As we know all too well today, wealthy white American men did not stop rebelling when they won the American Revolution, when they gained the power to protect their declared independence. They continued to rebel to keep their power. They, “the Patriots.” The rest of us have continued our rebellions because we have yet to gain the power to be free. The resisting rest of us, “the unpatriotic.”
On this Fourth of July, the rest of us—and our wealthy white male allies—should be celebrating our ongoing struggles for freedom and not celebrating as if we are free. We should be celebrating our disobedience, turbulence, insolence, and discontent about inequities and injustices in all forms. We should be celebrating our form of patriotism that they call unpatriotic, our historic struggle to extend power and freedom to every single American. This is our American project.
Because power comes before freedom, not the other way around. Power creates freedom, not the other way around. We can’t be free unless we have power. Freedom is not the power to make choices. Freedom is the power to create choices. And to have the power to shape policy is the power to create choices. That is why power is in the hands of the policy maker.
English power created the choices and policies that the white Founding Fathers were forced to abide by, which they rebelled against, just as American power created the choices and policies that the rest of us were forced to abide by, which we’ve since rebelled against. Only power gave those rich white American men freedom from the rich white British men.
Power freed them to trade with merchants and planters outside the British Empire. They could buy and sell slave-grown and manufactured products from anyone. They were no longer absolutely subjected to British capital and merchants and taxes and laws. The 13 colonies were no more, even though Abigail Adams’s Ladies, my enslaved ancestors, working-class whites, and Native Americans were, in many ways, still colonized after the founding of the United States. Only power will one day give the rest of us freedom within this nation founded by white men, for white men, as those white men have said repeatedly.

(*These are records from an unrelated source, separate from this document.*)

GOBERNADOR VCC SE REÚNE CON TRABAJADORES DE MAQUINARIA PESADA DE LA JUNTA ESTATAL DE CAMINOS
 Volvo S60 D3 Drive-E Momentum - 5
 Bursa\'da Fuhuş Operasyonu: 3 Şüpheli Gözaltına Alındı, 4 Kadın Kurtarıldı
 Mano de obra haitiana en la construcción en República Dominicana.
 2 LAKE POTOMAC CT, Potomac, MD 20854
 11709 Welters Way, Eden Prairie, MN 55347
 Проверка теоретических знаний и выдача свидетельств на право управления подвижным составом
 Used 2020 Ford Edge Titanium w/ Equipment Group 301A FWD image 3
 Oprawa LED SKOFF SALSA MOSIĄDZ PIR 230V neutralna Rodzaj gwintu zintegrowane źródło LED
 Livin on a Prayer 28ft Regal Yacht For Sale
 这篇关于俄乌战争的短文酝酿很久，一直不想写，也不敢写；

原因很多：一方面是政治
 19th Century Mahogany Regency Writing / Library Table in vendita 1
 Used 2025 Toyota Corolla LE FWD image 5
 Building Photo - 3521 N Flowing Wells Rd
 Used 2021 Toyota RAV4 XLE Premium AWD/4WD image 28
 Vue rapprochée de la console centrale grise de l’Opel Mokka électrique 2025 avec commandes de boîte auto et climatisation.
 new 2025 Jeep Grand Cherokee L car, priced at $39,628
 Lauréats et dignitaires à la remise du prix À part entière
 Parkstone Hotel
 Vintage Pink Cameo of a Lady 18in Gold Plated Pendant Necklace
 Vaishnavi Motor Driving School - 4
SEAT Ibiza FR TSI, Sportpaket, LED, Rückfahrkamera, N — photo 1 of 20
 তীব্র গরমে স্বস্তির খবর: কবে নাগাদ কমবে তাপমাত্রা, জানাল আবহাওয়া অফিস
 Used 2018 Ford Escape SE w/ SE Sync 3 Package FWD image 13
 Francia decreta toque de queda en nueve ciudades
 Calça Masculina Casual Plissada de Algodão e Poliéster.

Our American project is not built on the idea that we became free in 1776 or any year thereafter, but that we are fighting for freedom, oftentimes from the economic and political interests that became free on 1776. Take the African American fight for freedom that did not end when chattel slavery or Jim Crow formally ended or civil and voting rights formally began. A group of African Americans, who were no longer enslaved around Savannah, Georgia, told Lincoln-administration officials on January 12, 1865, that freedom is “placing us where we could reap the fruit of our own labor, and take care of ourselves.” They demanded land to be free.